Theo is too young to have seen as much as he has. He is too young to face down orcs and his own peers, to see his world burn.
But then again, she never taught him anything else but to stand tall. She never taught him anything else but to fight.
Theo shivers in his sleep and Bronwyn takes off her cloak and covers him with it. Her hand lingers on his shoulder, like it has done so many times before. Leaning forward, she presses a soft kiss to his cheek.
Then she straightens up and steps out into the winter sun.
The road is long and perilous. There are orc attacks and storms, disease and starvation.
It’s late spring when they reach the top of a hill and finally see it: Pelargir. Their new home. A fresh start, as Arondir had called it.

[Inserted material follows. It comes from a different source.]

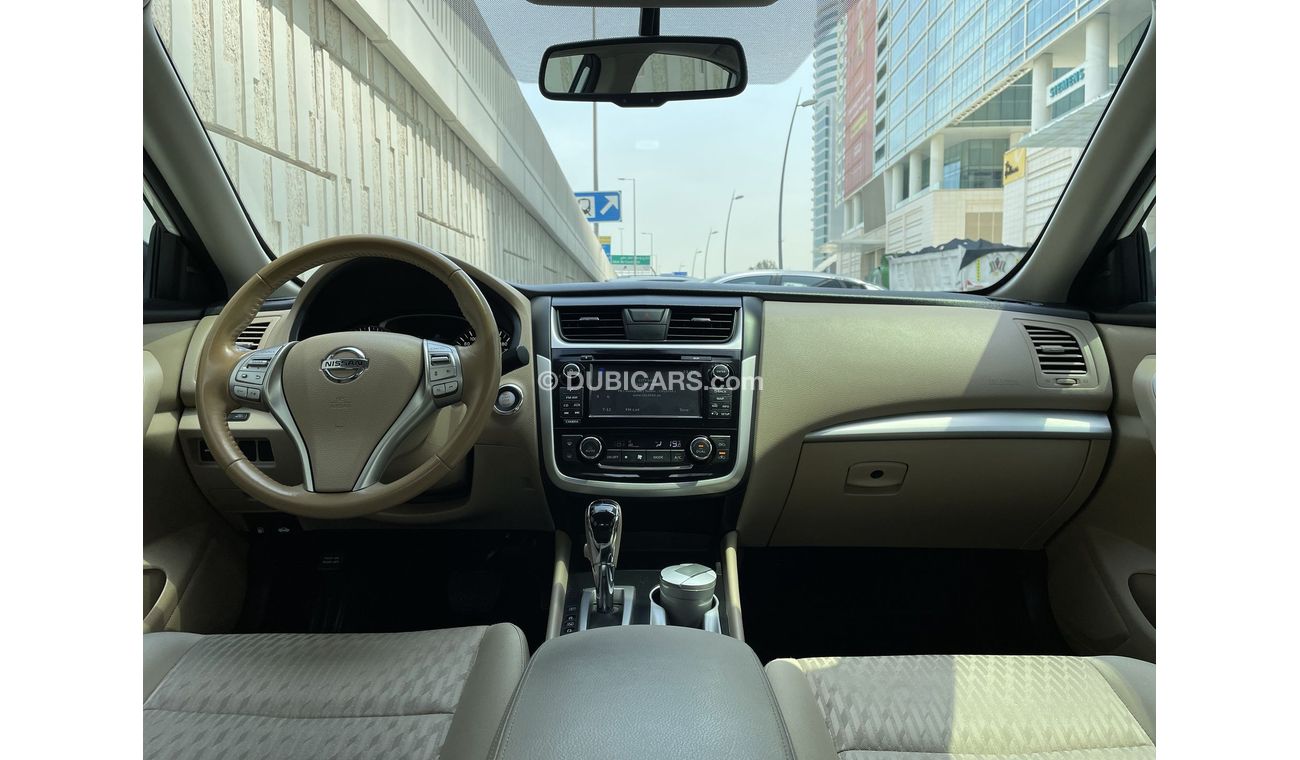 نيسان ألتيما SL 2.5L | GCC | EXCELLENT CONDITION | FREE 2 YEAR WARRANTY | FREE REGISTRATION | 1 YEAR FREE INSURAN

They make camp next to a small stream and a forest from which they carry wood. There is relief in the air, but also weariness. After seeing their old home burn and a journey that has taken so much, Pelargir feels like a haven, the promise of something better, brighter. But the Southlanders have seen too many clouds darken and storms take them by surprise. They know how quickly day can turn into night and light into dark. So it’s no surprise that the camp is quiet and the mood subdued.
Later, when the fires have burned out and the sky is black, Bronwyn slips away. She makes her way over to the other side of the hill, to where she can see the sky being swallowed by the sea. In the distance she can hear the waves coming in, not gently but with a roar. Above her the sky is wide open and starlit.

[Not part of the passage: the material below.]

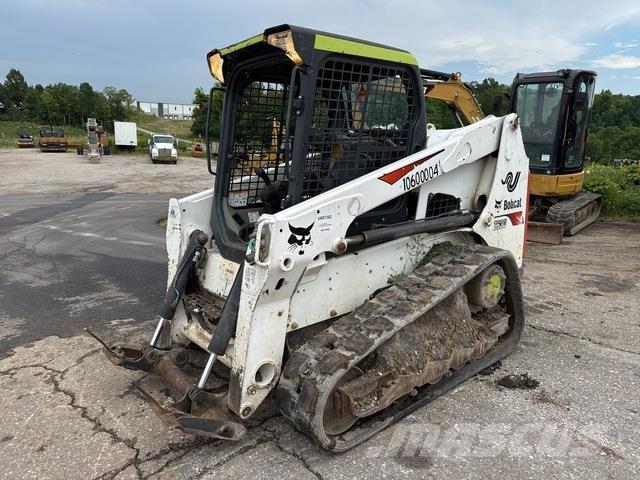 Bobcat T630 Мини товарачи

She whips around when she hears footsteps behind her, but she’s not surprised to see it’s Arondir. He will always follow her. He doesn’t speak but steps closer. She turns fully then and closes the distance between them, lets her head come to rest on his sternum and his arms engulf her.
Around them, the night is quiet. Maybe this is but the silence before the storm. Maybe the tide of tomorrow will bring more sorrows their way.
Maybe these lands will soon be covered by an everlasting night. Maybe this is a fight they cannot win and in the end all of their sacrifices will have been for naught.
Nobody knows what is yet to come.
But right now, they are here. Under the stars, memories of times long gone. Beside the waves that ebb and flow and never forget. In a world that is changing and building itself anew every day. Where everyone, great or small, eventually has to take a stand.
Where everything can be gained and even more can be lost.
Nobody knows what is yet to come, how it will change them and if it will eventually tear them apart. The future is hidden in the shadows, impossible to see.
But Bronwyn’s hand is warm in his and Arondir’s heartbeat is strong and steady under her ears. For now they are here, together.
Two figures in the starlight, so small.